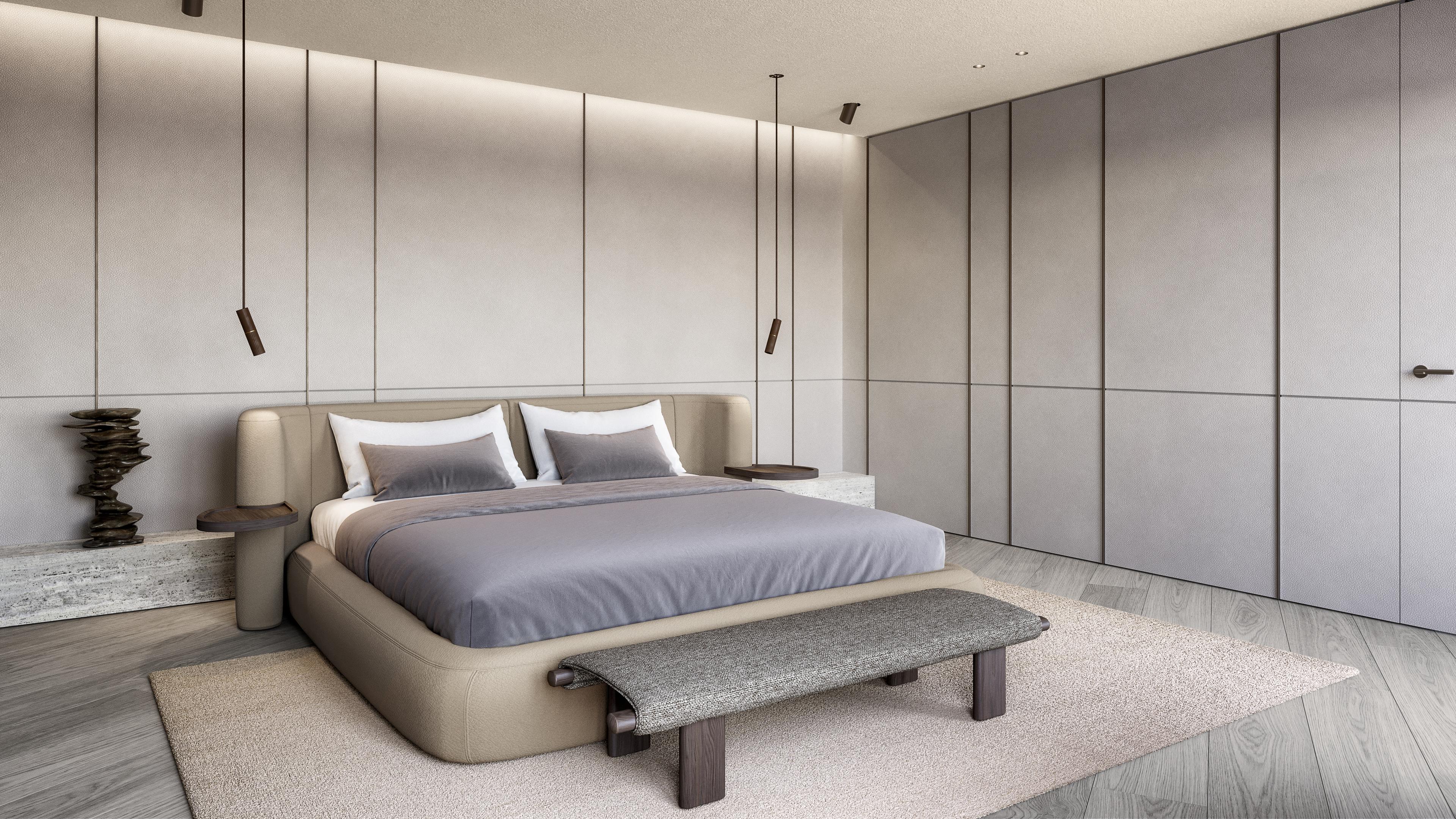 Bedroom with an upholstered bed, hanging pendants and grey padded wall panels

...

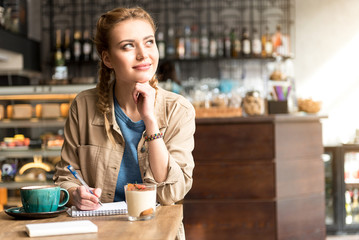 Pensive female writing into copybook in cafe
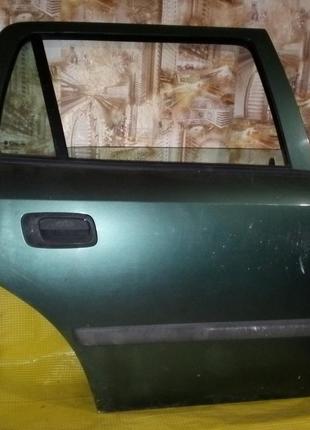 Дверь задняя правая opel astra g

WHAT THE EXERCISE ASKS ->
In the listing above, find the line holding "Pensive female writing into copybook in cafe" and the line holding "Дверь задняя правая opel astra g". Reproduce those two lines and all between them exactly, leaving out pictures.

WRITTEN SOLUTION ->
 Pensive female writing into copybook in cafe
 Дверь задняя правая opel astra g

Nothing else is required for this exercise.